TEMPO.CO, Jakarta - Komisi Pemberantasan Korupsi menggelar Konferensi Nasional Pemberantasan Korupsi kesepuluh, Kamis, 3 Desember 2015. Pelaksana tugas Ketua KPK Taufiequrrahman Ruki berharap, dari konferensi ini, semua kementerian atau lembaga memperoleh program pencegahan dan pemberantasan korupsi.
"Konferensi Nasional Pemberantasan Korupsi (KNPK) bukan pertanggungjawaban lembaga negara ke KPK, sama sekali bukan. Tapi KNPK ikut melaporkan pencegahan dan pemberantasan korupsi kepada rakyat," kata Ruki saat membuka KNPK kesepuluh di Gedung Nusantara V, Kompleks Parlemen, Senayan, Jakarta, Kamis, 3 Desember 2015.

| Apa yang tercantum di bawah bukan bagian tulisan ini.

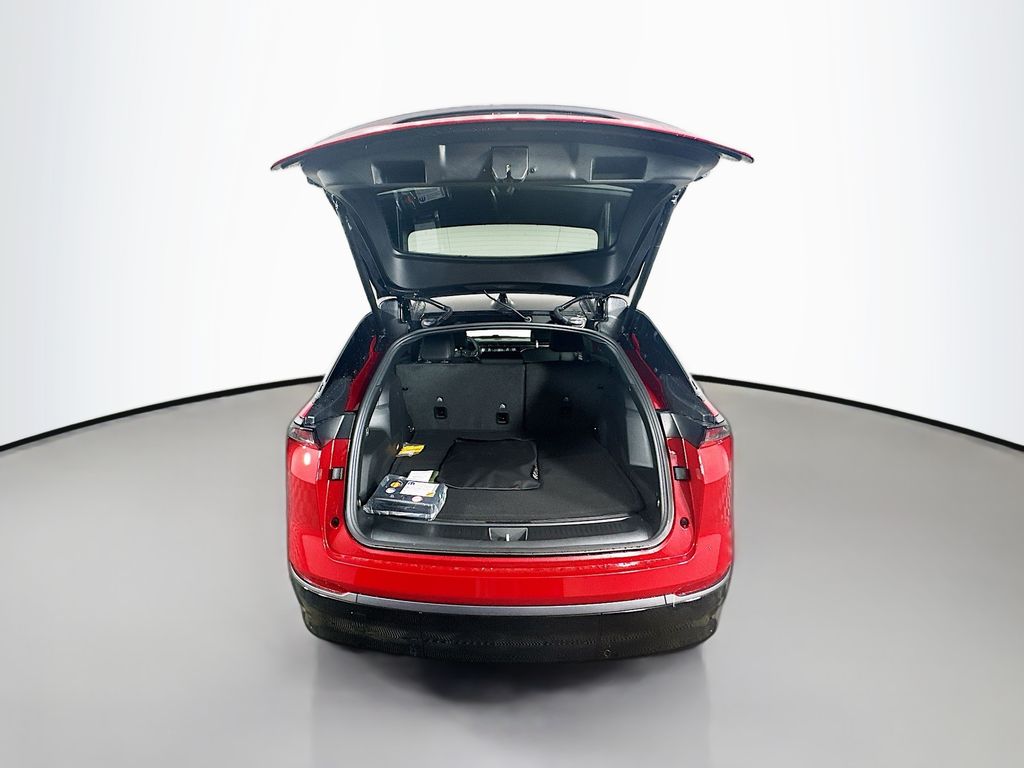 New 2025 Red Jeep Launch Edition image 16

Acara ini memang diikuti semua perwakilan lembaga negara yang nantinya akan melaporkan program pencegahan dan pemberantasan korupsi di masing-masing instansinya.
Menurut Ruki, pencegahan dan pemberantasan korupsi bukan lagi pada tahapan teori. "Sudah tataran praktek aksi, sehingga seruan ayo kerja sudah sangat tepat. Kita perlu kerja keras, kerja cepat, perlu Indonesia merdeka dari korupsi," ujarnya.
Berdasarkan pengalaman KPK selama ini, ucap Ruki, korupsi disebabkan dua faktor, yakni manusia dan sistem. Korupsi di golongan bawah, seperti pegawai negeri sipil, tentara, Tamtama, dan polisi, disebut petty corruption atau korupsi kecil. Korupsi ini didorong untuk mencukupi kebutuhan hidup. Karena itu, menurut Ruki, cara mengatasinya adalah dengan perbaikan sistem melalui peningkatan kesejahteraan.
Kedua, korupsi yang terjadi karena failed system dan weak system. Ruki menyarankan, yang seharusnya dilakukan lembaga pemerintah dan negara adalah me-review setiap sistemnya.
Acara KNPK ini dihadiri para petinggi negara. Selain para pemimpin KPK, hadir pula Wakil Presiden Jusuf Kalla, Kepala Pusat Pelaporan dan Analisis Transaksi Keuangan Muhammad Yusuf, Ketua Dewan Perwakilan Daerah Irman Gusman, Ketua Majelis Permusyawaratan Rakyat Zulkifli Hasan, Kepala Kepolisian RI Jenderal Badrodin Haiti, Ketua Panitia Seleksi Pimpinan KPK Destry Damayanti, dan hakim agung Artidjo Alkostar.